- **EXERCISE DESCRIPTION**: Set down the data below exactly; pictures stay out.

- **SOURCE DATA**:
********
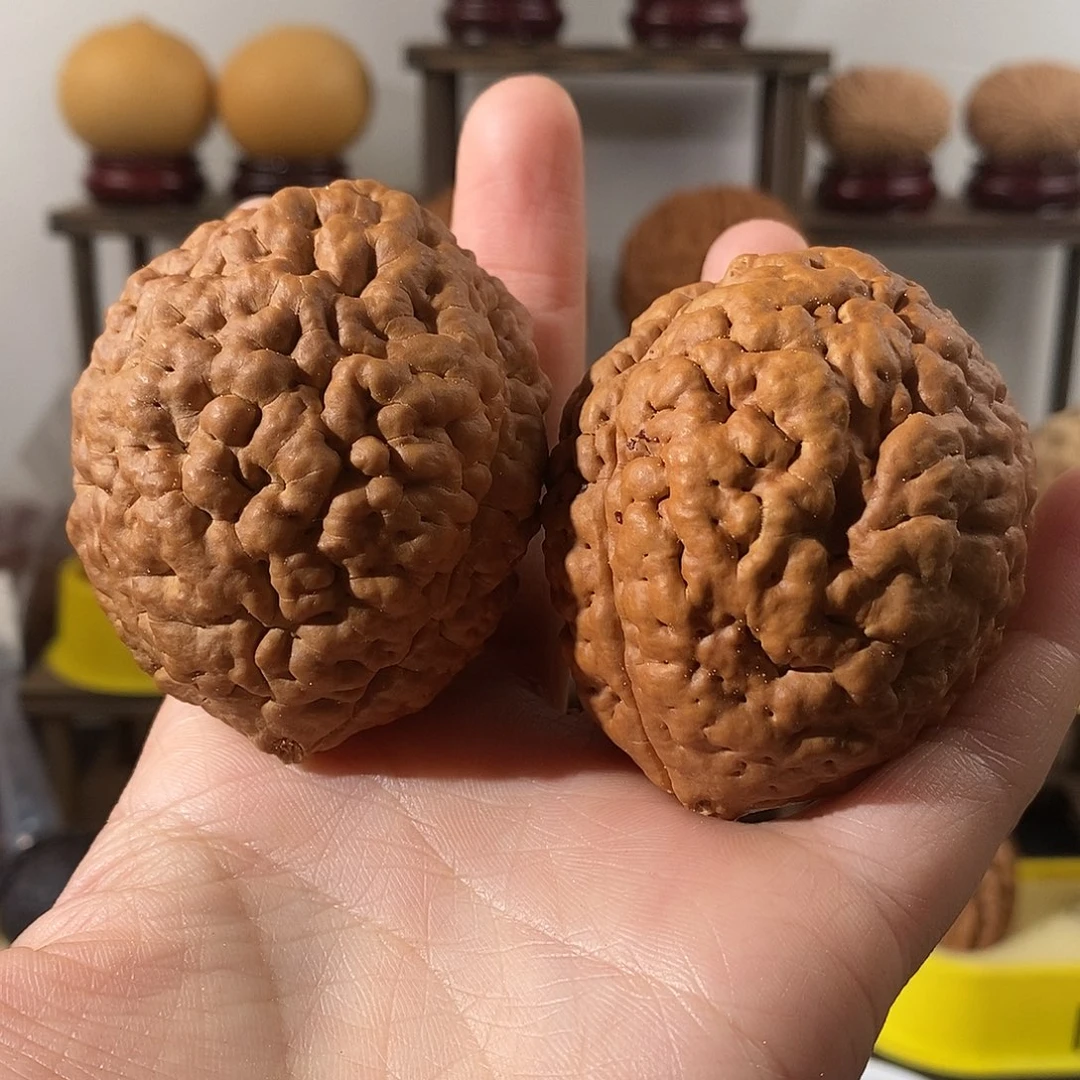 吊坠文玩核桃三瓣脑纹金刚练手微色5059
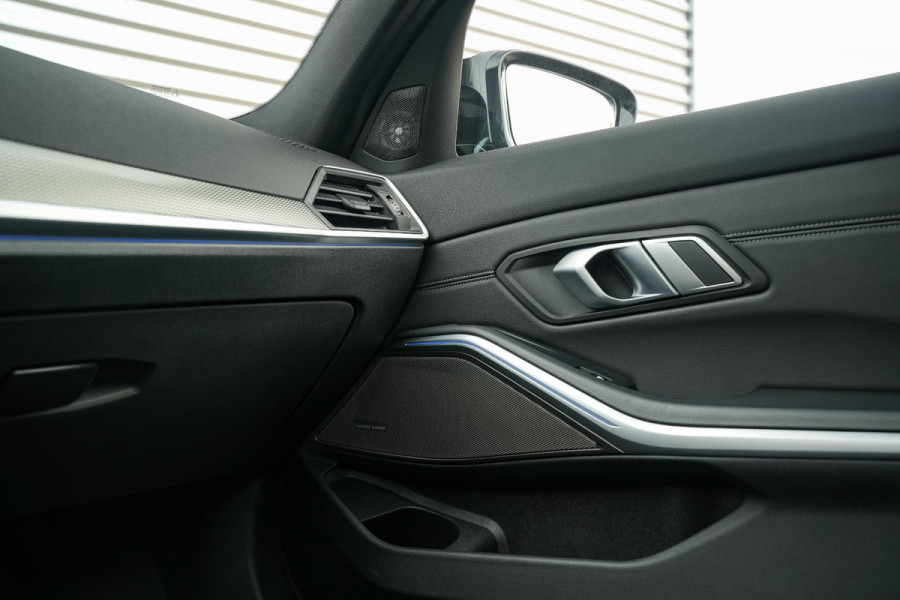 BMW 3 Serie Touring M340i xDrive Panoramadak Harman/Kardon Dodehoek 360cam Leer DAB+ 19”LM
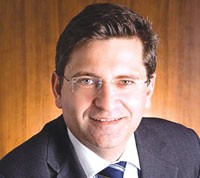 Ông Tom McClelland.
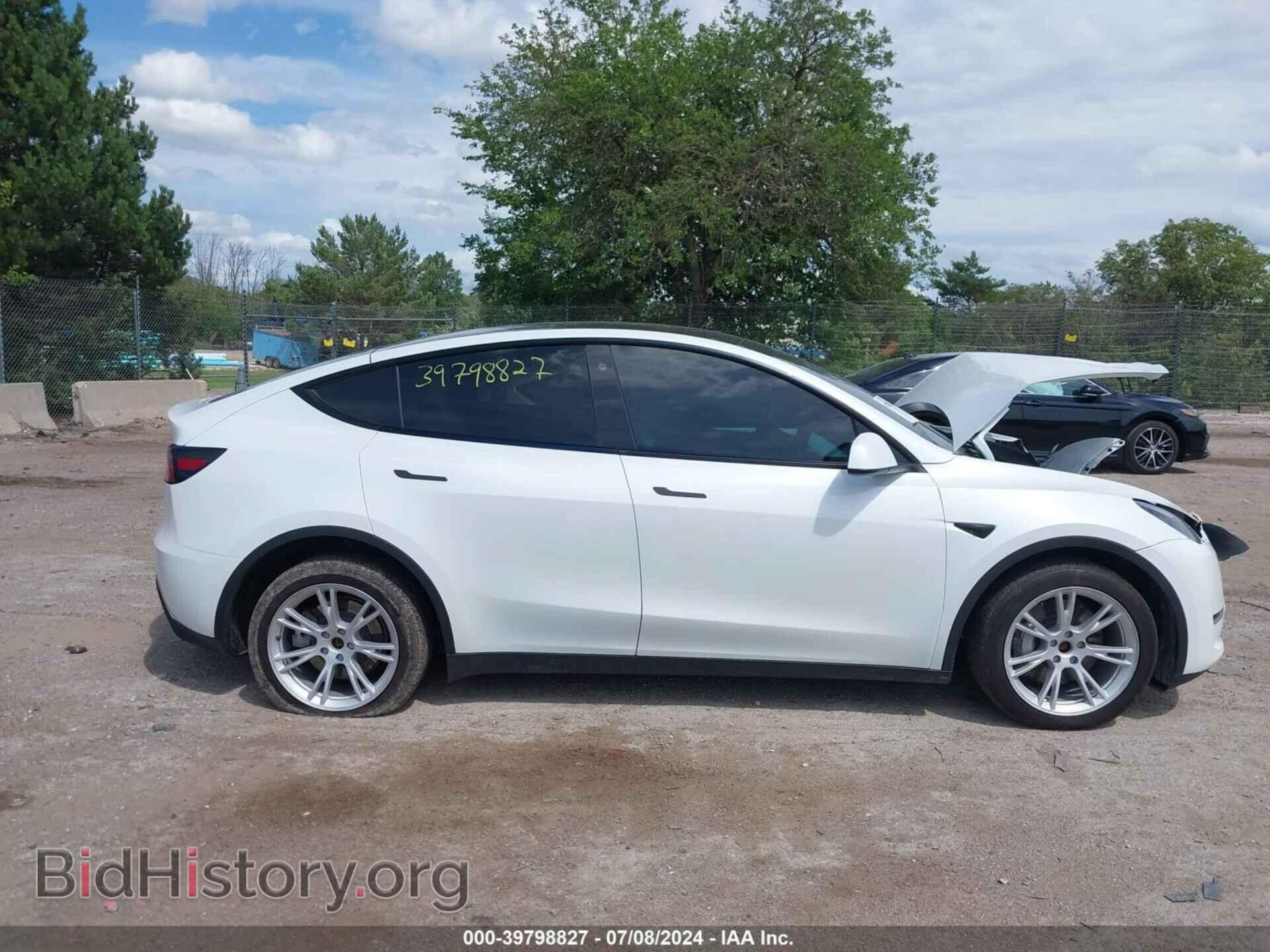 2023 TESLA MODEL Y - VIN: 7SAYGDEE1PF622437 - Фото 13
********
- **WRITTEN REPLY**:
 吊坠文玩核桃三瓣脑纹金刚练手微色5059
 BMW 3 Serie Touring M340i xDrive Panoramadak Harman/Kardon Dodehoek 360cam Leer DAB+ 19”LM
 Ông Tom McClelland.
 2023 TESLA MODEL Y - VIN: 7SAYGDEE1PF622437 - Фото 13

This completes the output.